Repository files navigation

Socket LLM

This project uses the Serverless DNA Socket Tasks Level 3 construct. It implements two (2) seperate tasks - llmResponder and llmStreamer.

  • llmResponder - implements a straight LLM Api call which waits for the AWS Bedrock response.
  • llmStreamer - implements a streaming response mechanism to return data. This will return data sooner to the consumer enabling a more interactive style session.

The llmStreamer will post periodic data gathered from the Stream response to a FIFO SQS which is used by the streamHandler function to send back websocket messages for each response in the queue. The llmStreame implementation will do some chunking of data so that the SQS Fifo queue interaction is not throttled by AWS since the stream response is quite harsh in the way it works. This is a crude implementation which needs improving so will need to iterate over this to improve.
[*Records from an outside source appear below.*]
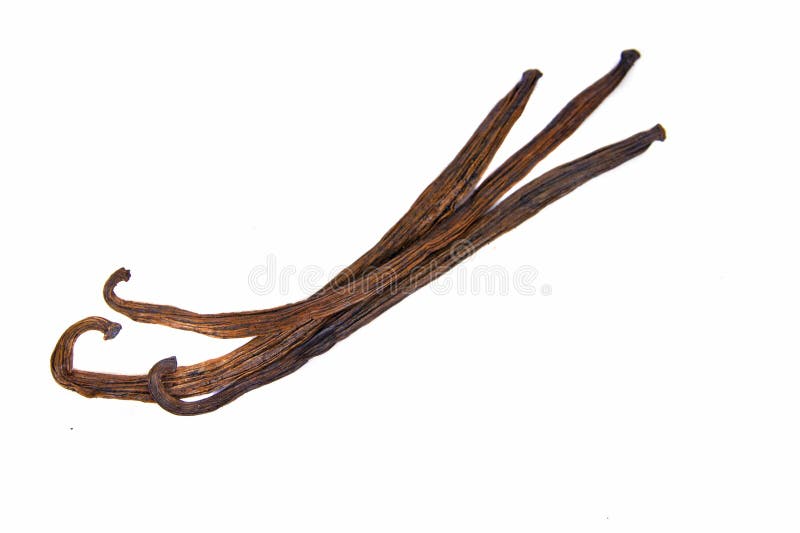 Bâtons de cosses de gousses de vanille d'isolement sur le blanc photographie stock Bâtons de cosses de gousses de vanille d'isolement sur le blanc photographie stock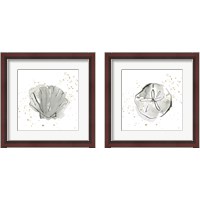 Framed Sand Dollar & Sea Scallop 2 Piece Framed Art Print Set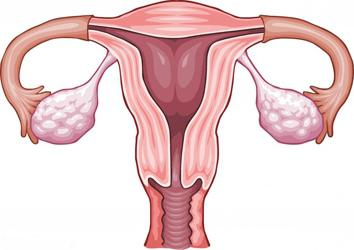 struktura vagine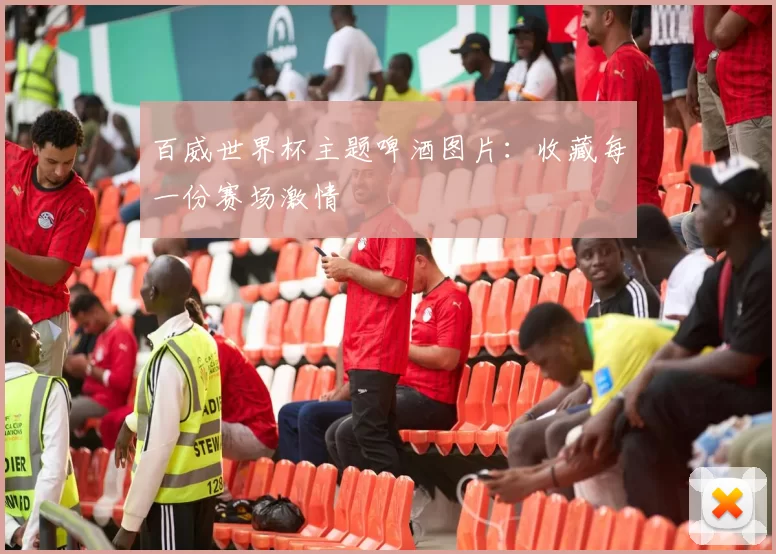 百威世界杯主题啤酒图片:收藏每一份赛场激情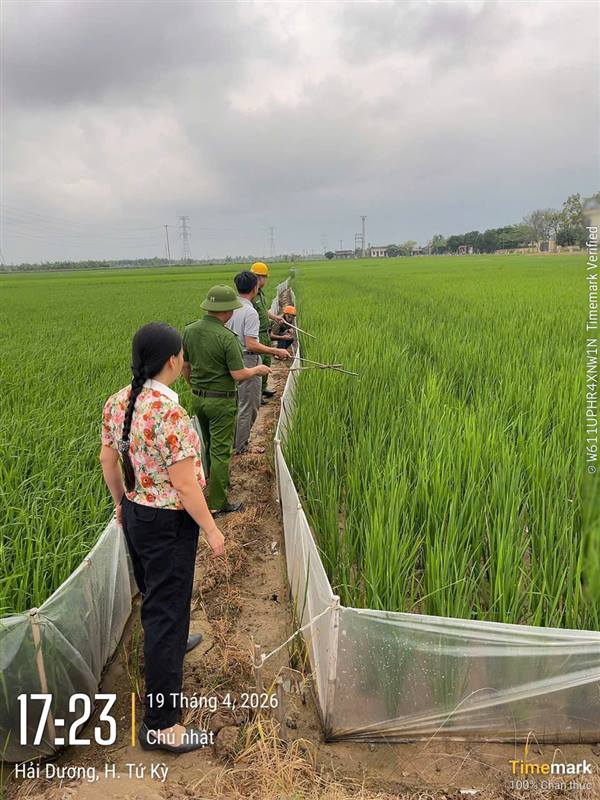Công an xã Lạc Phượng tăng cường phòng, chống hành vi sử dụng điện để bẫy chuột và kích cá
Deploy to Your AWS Account

Pre-requisites

To deploy this project you will require:

  • An AWS Cloud Account
  • AWS CLI installed and configured with valid credentials
  • Node installed and working
  • Current version of npm and yarn (1.x)
  • AWS CDK installed
  • Your AWS Account to be bootstrapped for AWS CDK Deployments (see AWS CDK Documentation)

Deploying to your account

$ yarn build
$ yarn deploy

Following deployment output will be displayed showing the Web Socket URL which can be used by a Web UI to connect to for sending and receiving messages.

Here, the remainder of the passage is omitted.